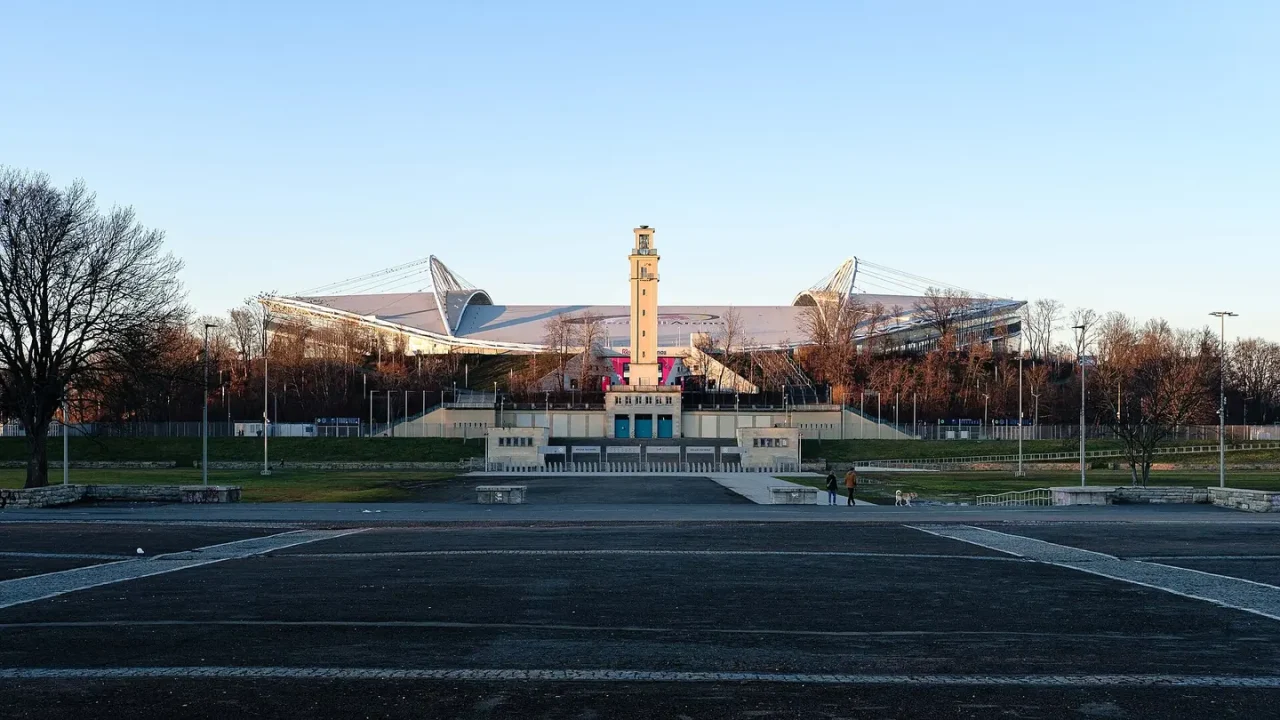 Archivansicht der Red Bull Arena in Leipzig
...
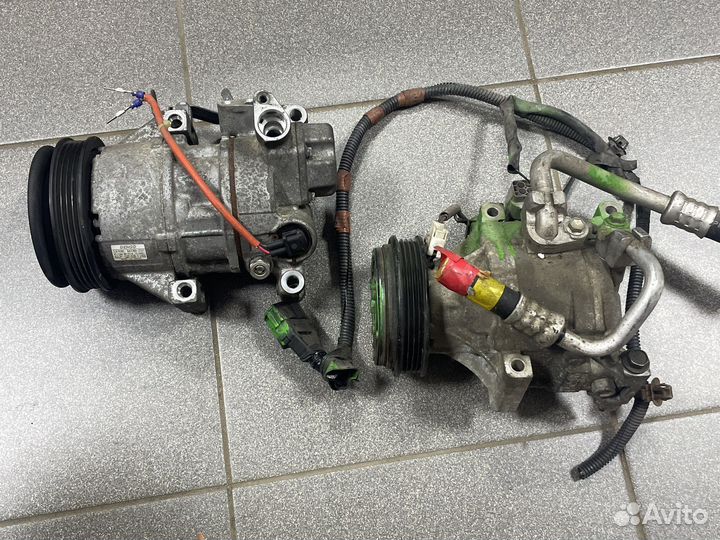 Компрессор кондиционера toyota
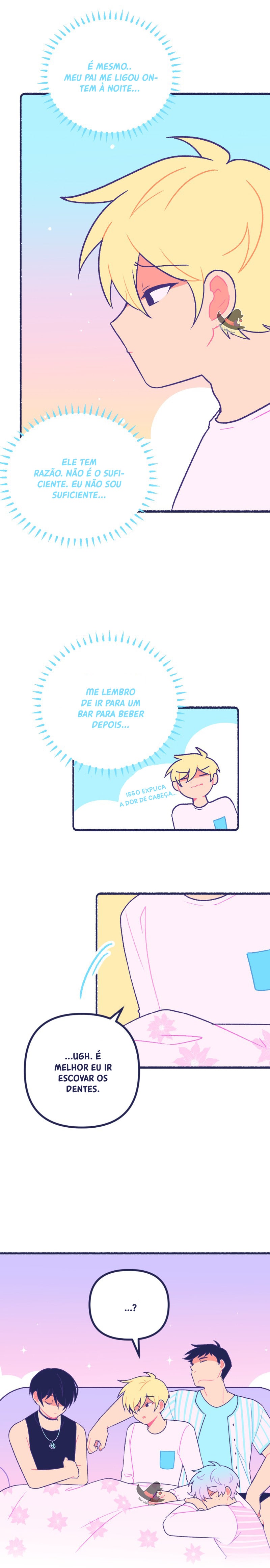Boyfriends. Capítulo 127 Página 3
--
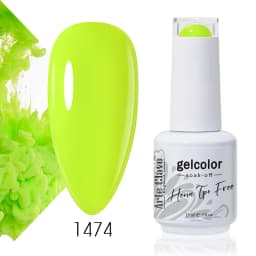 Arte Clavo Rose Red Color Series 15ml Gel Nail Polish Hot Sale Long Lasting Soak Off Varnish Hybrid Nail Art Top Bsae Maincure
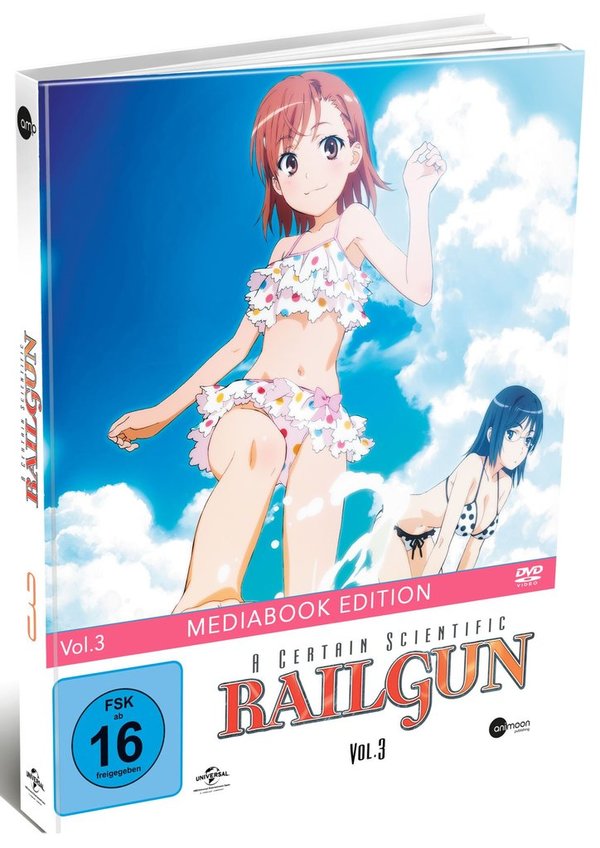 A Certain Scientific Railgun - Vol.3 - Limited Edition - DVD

◆ TASK TO CARRY OUT:
Look above for the line with "Arte Clavo Rose" and the line with "A Certain Scientific". Output those two and everything between them exactly, pictures excluded.

◆ ANSWER TO THE EXERCISE:
 Arte Clavo Rose Red Color Series 15ml Gel Nail Polish Hot Sale Long Lasting Soak Off Varnish Hybrid Nail Art Top Bsae Maincure
 A Certain Scientific Railgun - Vol.3 - Limited Edition - DVD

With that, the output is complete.